I’m sitting in bed, taking a break from debugging a particularly tough software bug, while listening to Pretty Pimpin’ by Kurt Vile. My mind wanders to dsfa, the small but bold professional services startup aimed at providing data science services for small businesses I embarked on launching a year ago. For all its successes and failures, the startup has forced me to learn a lot about myself from various discussions with mentors and founders and friends. I figured I would collect a list of the things I learned in this blog post. This seems like the proper thing to do now that the new year is approaching.

  1. Growth requires change and change requires growth. The two are inextricably linked and a successful organizational leader knows exactly what changes need to be made within an organization in order to inspire growth.
  2. If you feel discouraged, tired, or sick of the grind, start by doing the smallest possible thing you can do for your business and go from there. Whether it is fixing padding on a webpage or organizing a hectic Google Drive, small steps inspire giant leaps.
  3. Following up on #2, do one thing for your startup every day. This was especially important for me because I am not in a position to work on my startup full-time so I have to balance it with a couple of other things. The most effective way for me to do this was to make sure that there was one item related to dsfa on my daily to-do list.
  4. It’s OK to move slowly. The entrepreneurship space is very fast-paced and often times it’s important to realize that you don’t need your first customer within 6 months and you don’t need the prototype done in time for the launch of a complimentary product by that Other Big Tech Company. Do things at a pace that is healthy for you, your business, and your employees.
  5. Don’t ask for anybody else’s money unless you absolutely have to.
  6. To misquote Joseph Campbell, “We must let go of the business we have planned to accept the one that is waiting for us.” Sometimes pivots and changes will arrive naturally as your organization progresses. Don’t fight them.

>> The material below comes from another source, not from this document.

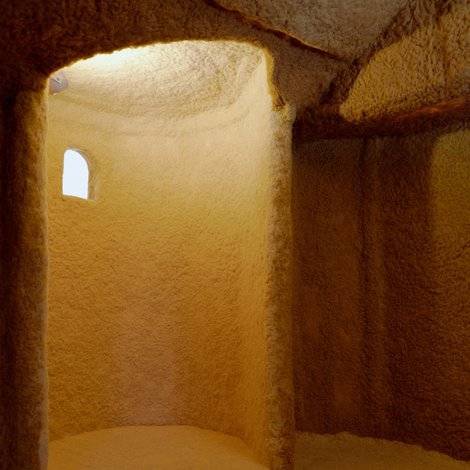 481203220 920381933601432 2032948620995377570 N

  7. Stop focusing on the goals you really don’t want. If something doesn’t contribute or relate to your grand purpose in this world, don’t do it! You won’t dedicate your full heart to it and you’ll be left exhausted afterward. Leave your passion and your energy for the things that align with your purpose.
  8. To misquote (again) Jonathon Safran Foer,“You cannot protect yourself from failure without protecting yourself from happiness.” You will fuck up. You will be angry with yourself. You will be depressed. You will be ashamed. You will think your idea is stupid. But you have to think those thoughts in order to accept the positive thoughts and all the good that comes with.
  9. Share your successes with others and inspire the successes of others. It’s not gratifying to win by yourself if other’s aren’t winning with you. Mentor, teach, write, speak, share your tips for success.
  10. Everyone has their time, their place, and their niche. Just because fellow entrepreneur Bob Smith has an over-funded Kickstarter for his bouncy castle for dogs idea while you have zero customers and no funding, doesn’t mean your idea is absolutely worthless or that you won’t make it. Everyone, yes everyone, who dedicates themselves to an idea and works tirelessly at it will have their share of Success.
  11. Creating a unique niche for your company is a valuable way to ensure customers (and profits) in highly competitive markets. However, creating a successful niche is a difficult task. Be careful not to shoot yourself in the foot by creating a niche that is contradictory, undesirable to customers, or lacks profitability.

I figure that dsfa is a lot of where my more interesting learnings on business, software, and data science happen and I’ll do more to share those learnings here in this blog.